=== Records for the exercise ===

○ ○ ○ ○ ○ ○ ○

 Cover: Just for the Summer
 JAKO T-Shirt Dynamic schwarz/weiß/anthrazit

○ ○ ○ ○ ○ ○ ○

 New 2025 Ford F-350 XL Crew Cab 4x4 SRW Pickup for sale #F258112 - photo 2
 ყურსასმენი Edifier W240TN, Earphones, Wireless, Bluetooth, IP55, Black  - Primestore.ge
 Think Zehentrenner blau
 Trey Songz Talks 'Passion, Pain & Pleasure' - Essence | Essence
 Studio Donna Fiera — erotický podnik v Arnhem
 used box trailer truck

○ ○ ○ ○ ○ ○ ○

=== What this task involves ===
Take the records above and return, word for word, only the lines that fall from the line with "Studio Donna Fiera" to the line with "used box trailer truck", both of them included.

=== Result ===
 Studio Donna Fiera — erotický podnik v Arnhem
 used box trailer truck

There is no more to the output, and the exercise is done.